For interior solutions (no active constraints), this reduces to the unconstrained Hessian solve described above.

For custom oracles, Marguerite needs an active_set specialization to know whether the solution lies on a boundary face. If none is defined, differentiated calls fail by default with an actionable error. You can pass assume_interior=true to override this and use the interior approximation, but that is only appropriate when the solution is genuinely interior.

Parametric Constraints

When using a ParametricOracle, the constraint set itself depends on $\theta$. The total gradient has two components:

\[d\theta = d\theta_{\text{obj}} + d\theta_{\text{constraint}}\]

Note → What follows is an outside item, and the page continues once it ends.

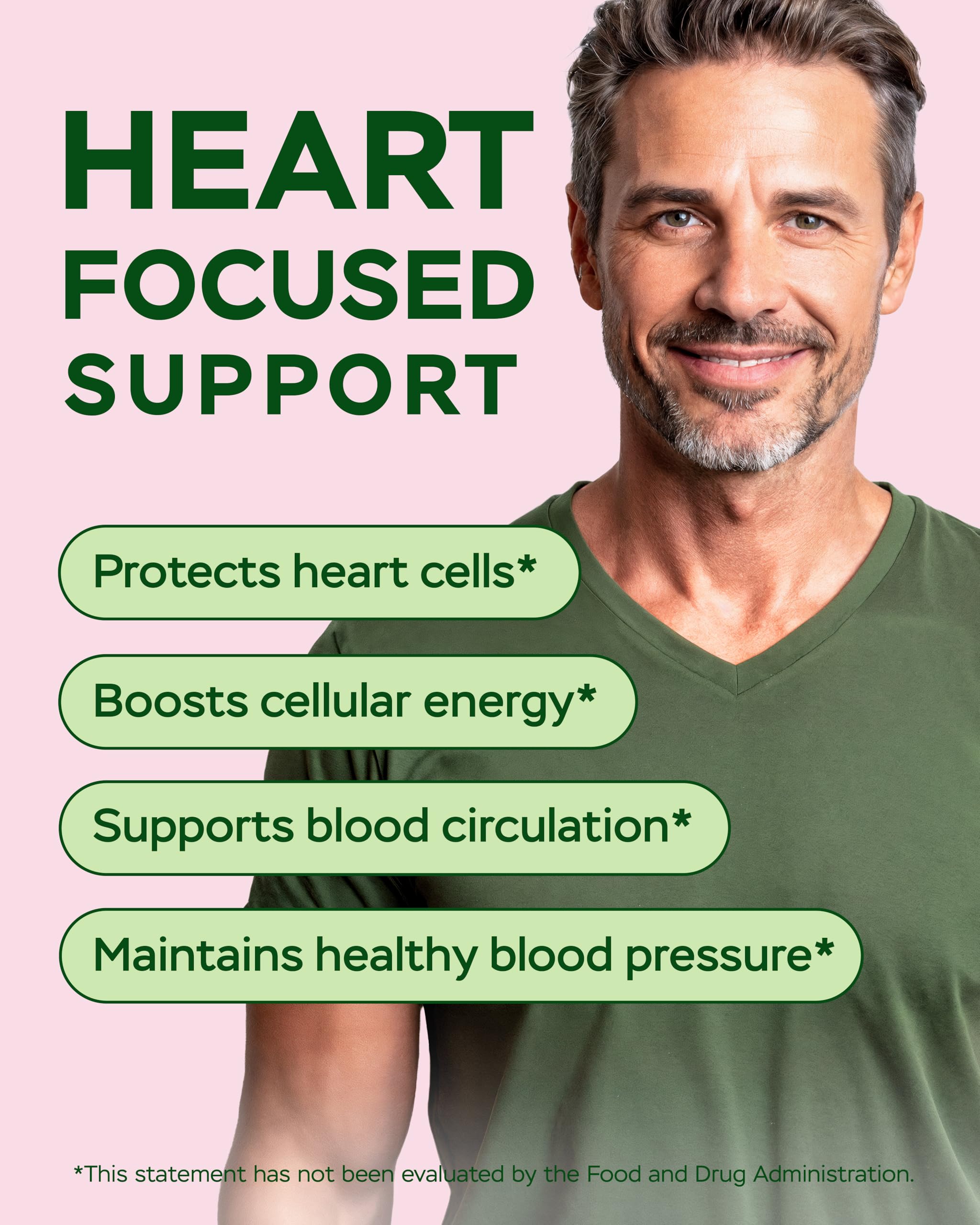 4Well Resveratrol - boîte montrant le mélange CoQ10 et résveratrol pour l’énergie.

For an active linear face $A(\theta)x = b(\theta)$, the reverse mode pullback is

\[d\theta = -u^\top \partial_\theta \nabla_x f - \lambda^\top (\partial_\theta A)\, u - \mu^\top \bigl((\partial_\theta A)\,x^* - \partial_\theta b\bigr),\]

where $u$ and $\mu$ come from the KKT adjoint solve above and $\lambda$ are the primal active-face multipliers recovered from stationarity.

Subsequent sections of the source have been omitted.